Task item — Copy all records verbatim, images excluded.

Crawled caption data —
::::
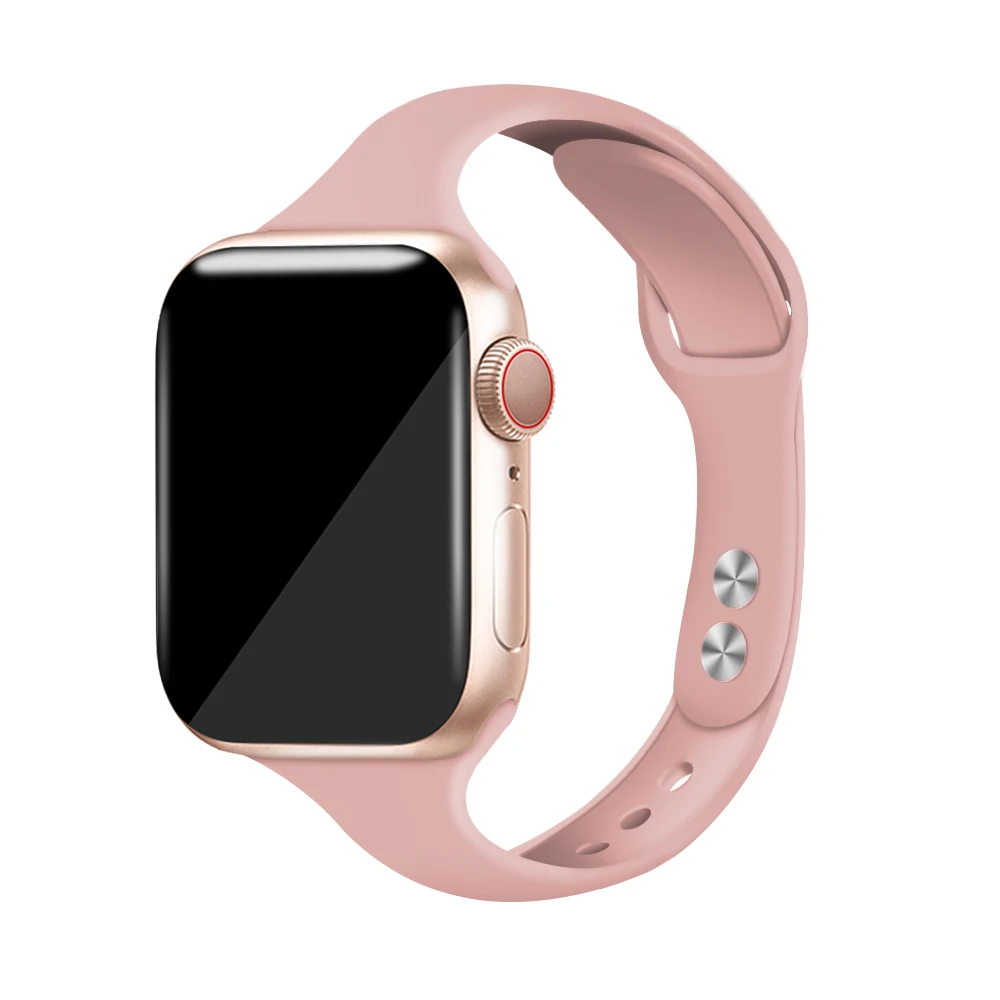 Силиконовый ремешок для наручных часов Apple Watch 38 мм, 42 мм, iwatch, версия 4 полосным 44 мм/40 мм спортивный браслет резиновый ремешок для наручных часов iwatch, версия 5 4 3 2 1 - Цвет ремешка: Vintage rose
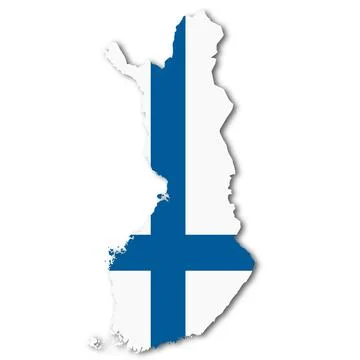 Finland map on white background with clipping path to remove shadow Stock Illustration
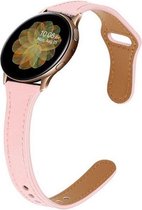 Smartwatch bandje - Geschikt voor Samsung Galaxy Watch 4 Classic, Watch 3 41mm, Active 2, 20mm horlogebandje - PU leer - Fungus - Dun - Roze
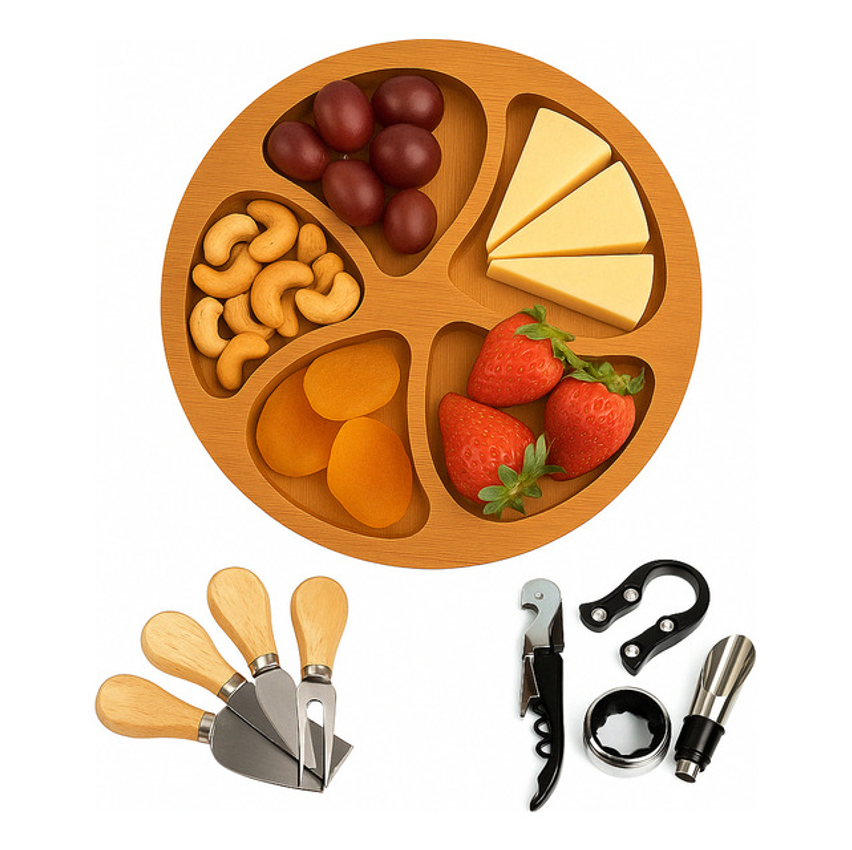 Kit Vinho 4 Peças + 4 Facas P/ Queijo + Petisqueira Madeira 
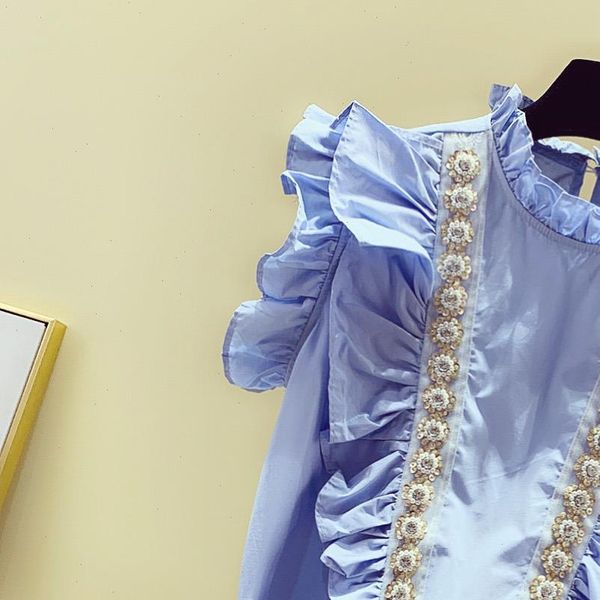

super fire short sleeve shirt female sweet flounces beads studded chiffon blouse summer autumn ladies blusa white pink blue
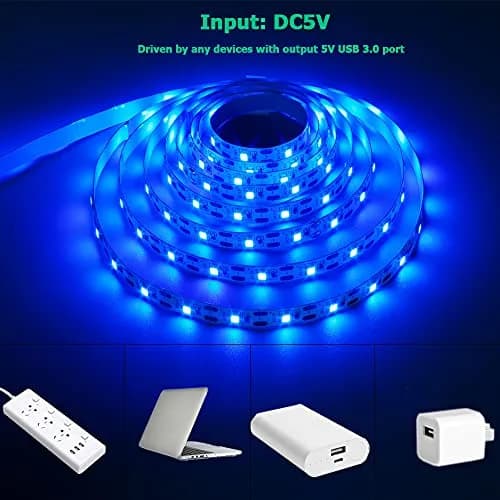 KXZM Blue USB LED Strip Light 4M (13.12ft) 2-Pack | Flexible SMD 2835 Tape Lights for Bedroom & TV Background thumbnail 2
::::
Exercise solution —
 Силиконовый ремешок для наручных часов Apple Watch 38 мм, 42 мм, iwatch, версия 4 полосным 44 мм/40 мм спортивный браслет резиновый ремешок для наручных часов iwatch, версия 5 4 3 2 1 - Цвет ремешка: Vintage rose
 Finland map on white background with clipping path to remove shadow Stock Illustration
 Smartwatch bandje - Geschikt voor Samsung Galaxy Watch 4 Classic, Watch 3 41mm, Active 2, 20mm horlogebandje - PU leer - Fungus - Dun - Roze
 Kit Vinho 4 Peças + 4 Facas P/ Queijo + Petisqueira Madeira 

super fire short sleeve shirt female sweet flounces beads studded chiffon blouse summer autumn ladies blusa white pink blue
 KXZM Blue USB LED Strip Light 4M (13.12ft) 2-Pack | Flexible SMD 2835 Tape Lights for Bedroom & TV Background thumbnail 2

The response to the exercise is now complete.